Bug 217914

Summary: mixed languages: cannot copy text (garbage instead of proper letters)
Product: [Applications] okular Reporter: Maciej Pilichowski <bluedzins>
Component: PDF backendAssignee: Okular developers <okular-devel>
Status: RESOLVED NOT A BUG    
Severity: normal    
Priority: NOR    
Version: unspecified   
Target Milestone: ---   
Platform: openSUSE   
OS: Unspecified   
Latest Commit: Version Fixed In:

Description Maciej Pilichowski 2009-12-08 20:34:54 UTC
Version:            (using KDE 4.3.3)
Installed from:    SuSE RPMs

Let's say you have a pdf with mixed languages (example: polish and russian). Here you can download one for testing:
http://www.jezykiobce.net/jezykiobce_pdf/rosyjski_kurs_podst.pdf

when you copy polish part or russian part (or both) you end up with garbage, like:
êàíèêóëû

only basic latin letters plus letter ó are copied correctly.

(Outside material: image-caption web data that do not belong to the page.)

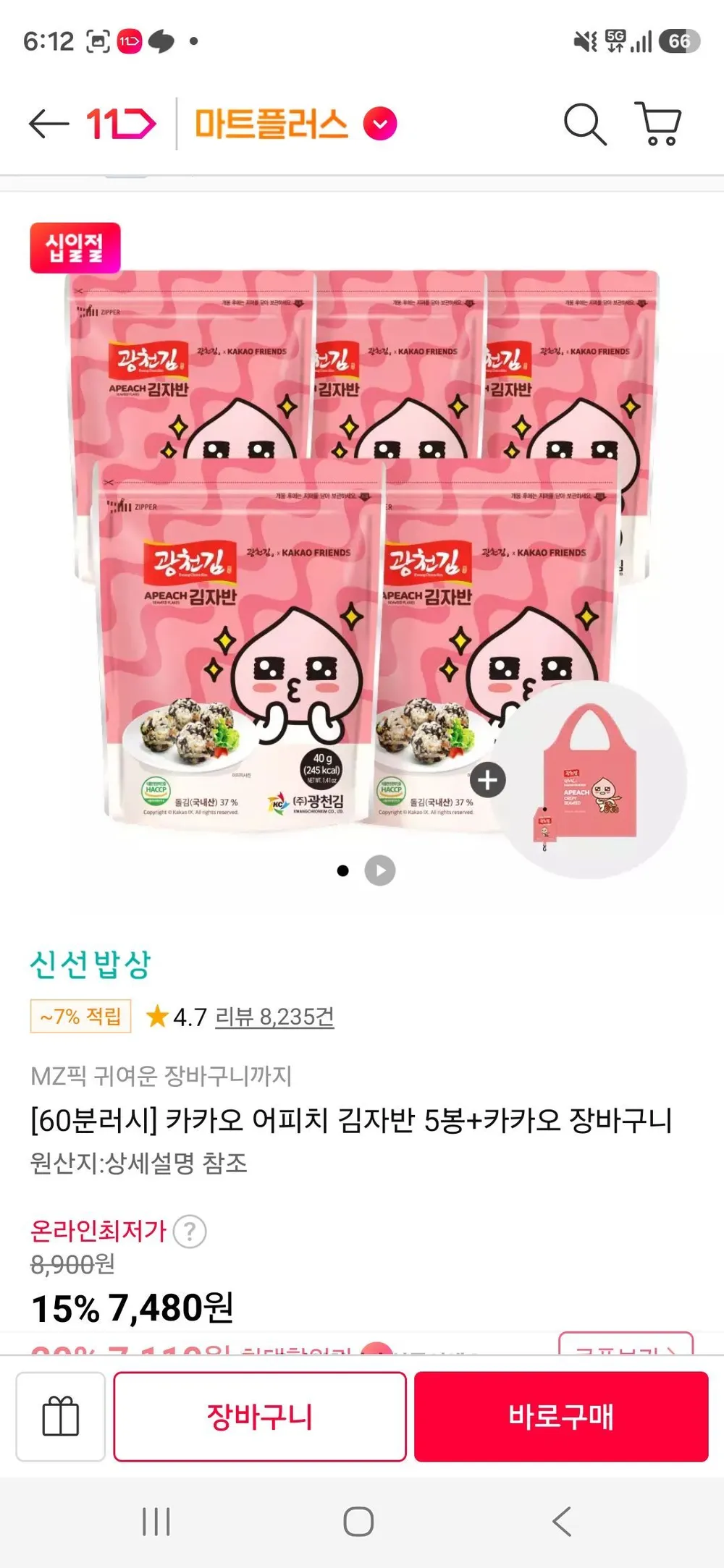 카카오 어피치 김자반 5봉+어피치 장바구니
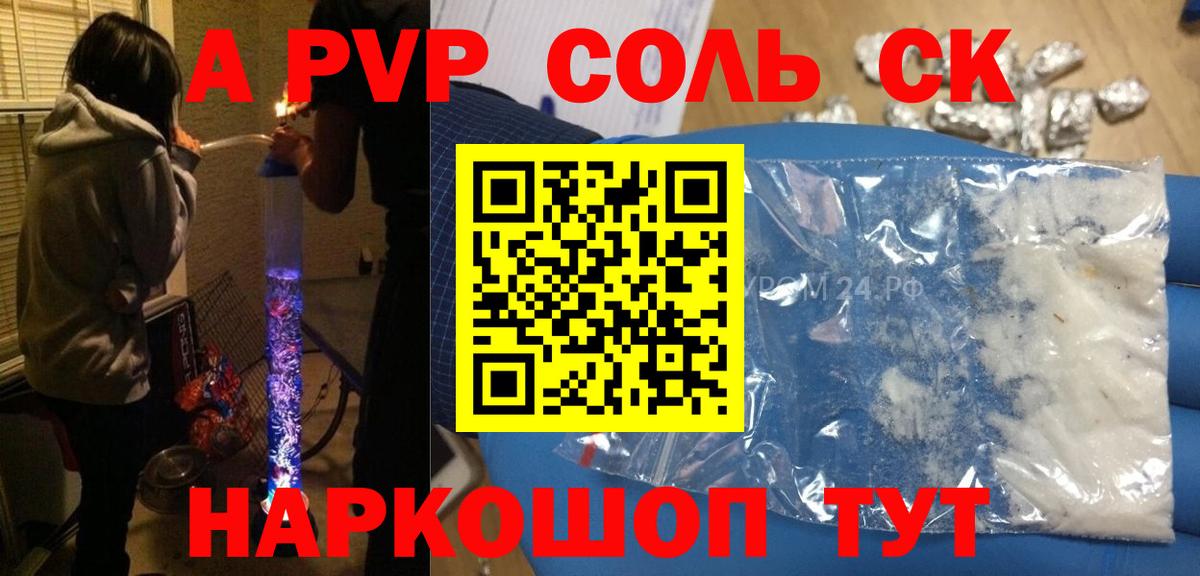 Альфа ПВП СК КРИС Похвистнево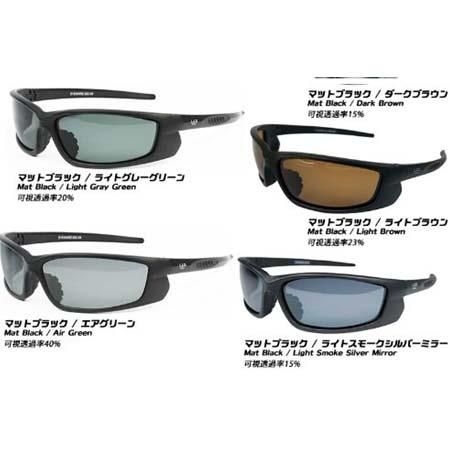 LSD SEARCH 偏光サングラス 玉屋釣具店 通販ショップ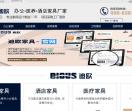 广东迪欧家具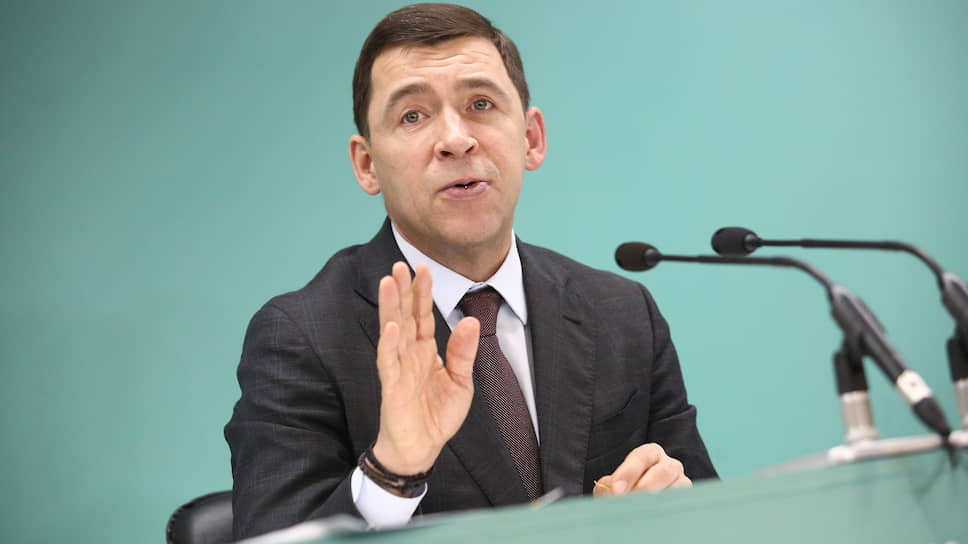 Губернатор Евгений Куйвашев пообещал отменять ограничения, если в течение трех дней будет тенденция к снижению количества случаев COVID-19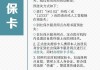 定期存折丢了怎么办？立即挂失与补办全攻略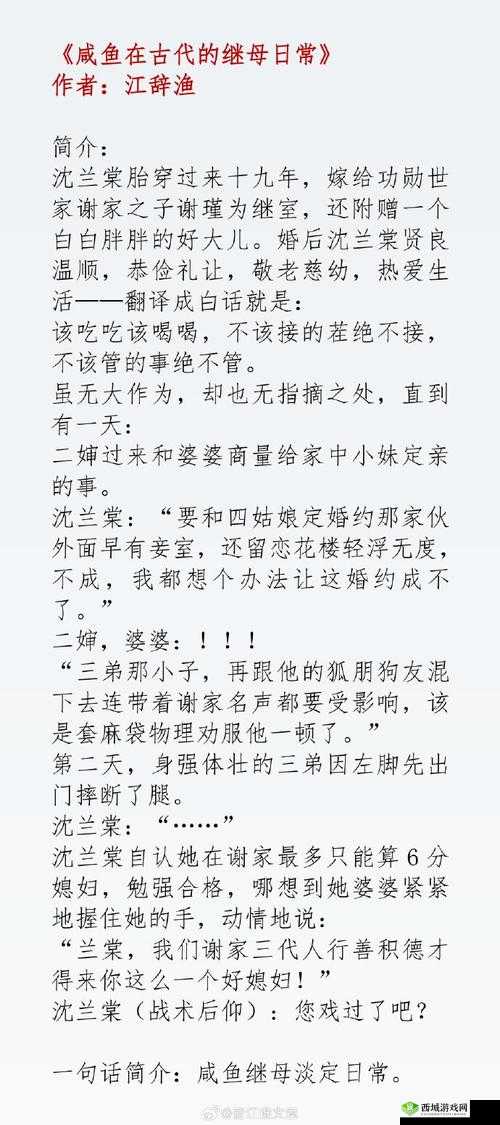 51CG10 吃瓜爆料永利：带你了解背后不为人知的故事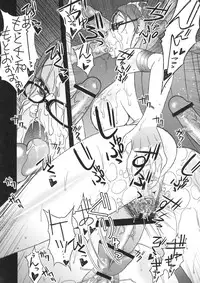 [Sanazura Doujinshi Hakkoujo (Sanazura Hiroyuki)] Stylish Fuck!! (Bayonetta)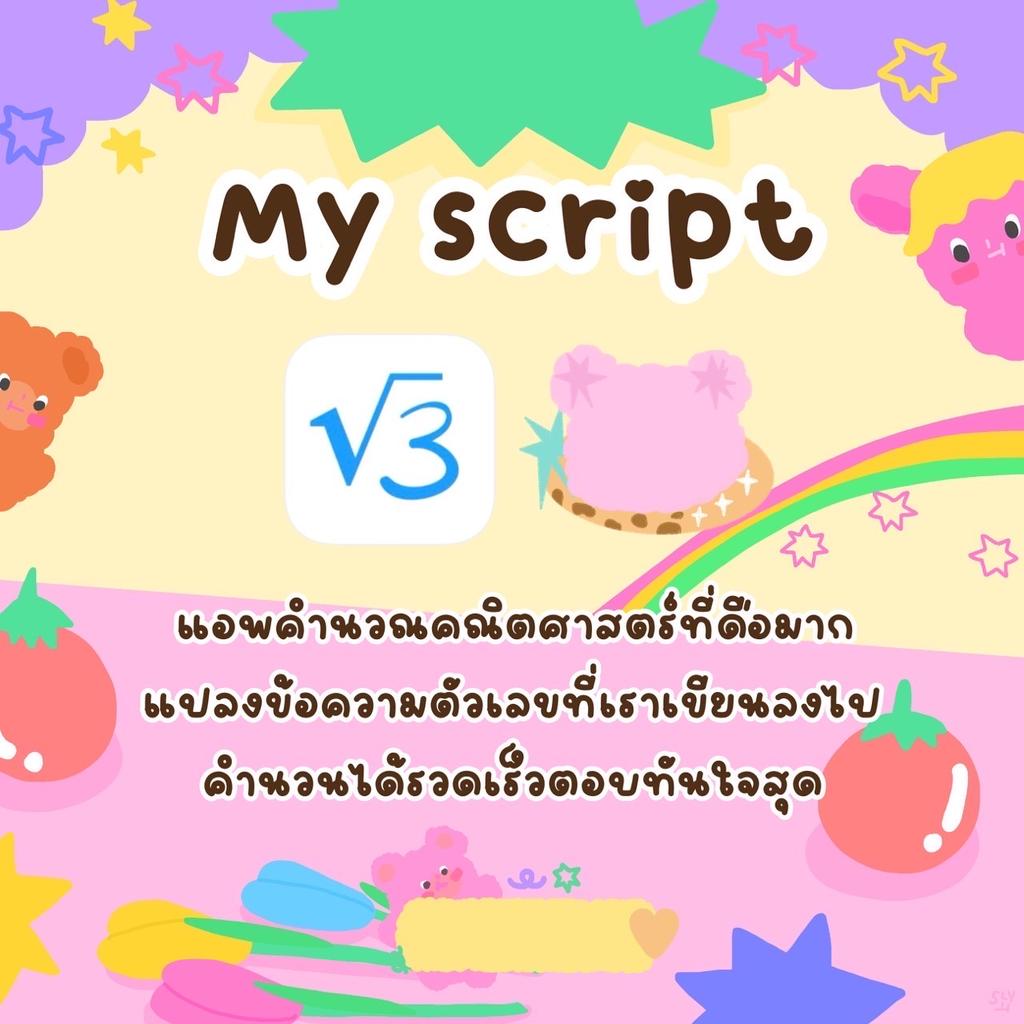 JuneJmshoppre's tweet image. 𐄁 🏃🏻♀️ 🧾𝗠𝘆 𝘀𝗰𝗿𝗶𝗽𝘁 🛝 🌈⟡ ̫
🚪 แอพคำนวณคณิตศาสตร์ที่ดือมาก แปลงข้อความตัวเลขได้แล้วได้คำตอบเร็วที่สุด
ปังไม่ไหวแล้ว ต้องมีติดเครื่องแล้วค้า แม่ค้าใช้เองแล้วชอบมากก ราคาเพียง 15 บาทน้า
สนใจติดต่อไลน์ @617saudb
#แอพios #myscript #แอพแท้ #แอพiosราคาถูก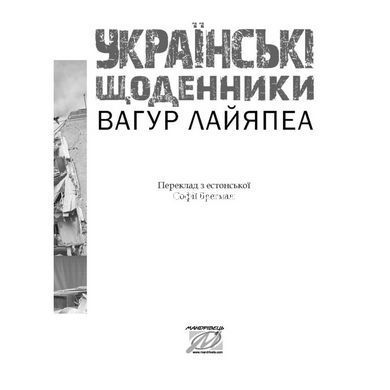 Книга Українські щоденники / Вагур Лайяпеа (українською)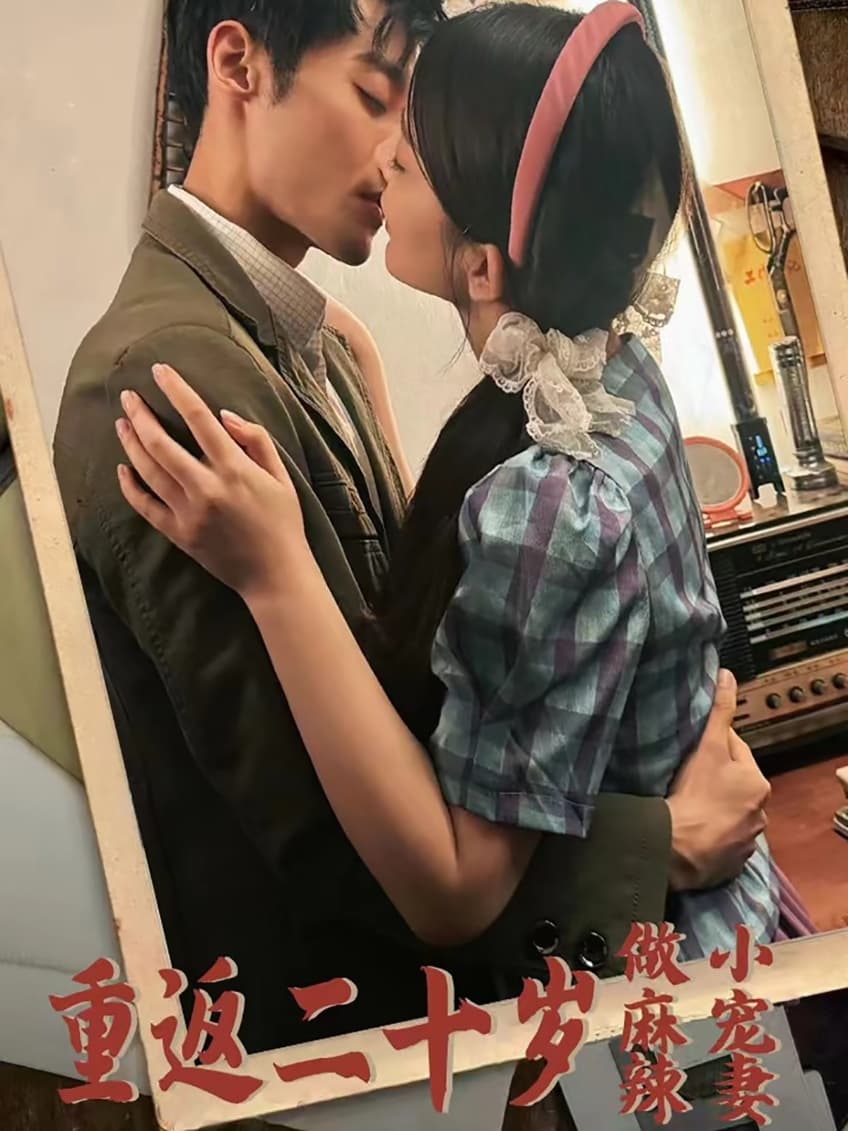 重返二十岁做麻辣小宠妻 - 年代穿越 (2024) 海报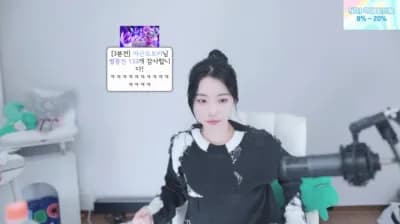 2025-01-30_05-06-28 - bonojhg - BJ 츄S2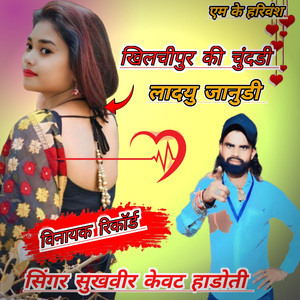 Khilchipur Ki Chundi Ladyu Janudi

It is not a matter of font used, because I can use for the same font intended letters:
ęóąśł
or
яерсидоф
Comment 1 Pino Toscano 2009-12-08 20:50:03 UTC
Given the problem is reproduceable (in the very same way) with:

- acroread 9.2
- okular 0.9.2 + poppler 0.12.2
- evince 2.28.1 + poppler 0.12.2

I'm rather inclined to conclude the document might be badly encoded.
(Note: what you see in a PDF is not what you copy as text.)
Comment 2 Maciej Pilichowski 2009-12-08 22:37:32 UTC
Pino, thank you for explanation. I assumed that by definition pdf has to be properly encoded (text I mean).